(EXERCISE MATERIALS Opens)

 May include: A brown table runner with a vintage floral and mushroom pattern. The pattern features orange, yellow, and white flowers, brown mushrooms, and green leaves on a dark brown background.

(EXERCISE MATERIALS Closes)
(EXERCISE MATERIALS Opens)

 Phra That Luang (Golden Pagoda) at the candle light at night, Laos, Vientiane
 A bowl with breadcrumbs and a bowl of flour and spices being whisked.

(EXERCISE MATERIALS Closes)
(EXERCISE MATERIALS Opens)

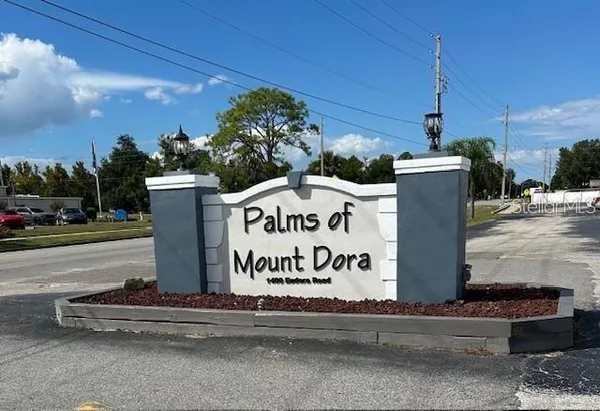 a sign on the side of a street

(EXERCISE MATERIALS Closes)

REQUIREMENT
From the data above, pick out each line containing "with" and copy it.

EXERCISE ANSWER
 May include: A brown table runner with a vintage floral and mushroom pattern. The pattern features orange, yellow, and white flowers, brown mushrooms, and green leaves on a dark brown background.
 A bowl with breadcrumbs and a bowl of flour and spices being whisked.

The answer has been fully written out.